EXERCISE
Print the listing below in full. Alter nothing.

DATA SECTION
□ □ □ □

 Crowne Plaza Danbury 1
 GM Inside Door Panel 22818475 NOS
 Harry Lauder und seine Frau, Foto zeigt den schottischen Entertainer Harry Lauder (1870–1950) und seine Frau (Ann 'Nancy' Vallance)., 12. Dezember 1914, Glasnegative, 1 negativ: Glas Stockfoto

□ □ □ □

REPLY
 Crowne Plaza Danbury 1
 GM Inside Door Panel 22818475 NOS
 Harry Lauder und seine Frau, Foto zeigt den schottischen Entertainer Harry Lauder (1870–1950) und seine Frau (Ann 'Nancy' Vallance)., 12. Dezember 1914, Glasnegative, 1 negativ: Glas Stockfoto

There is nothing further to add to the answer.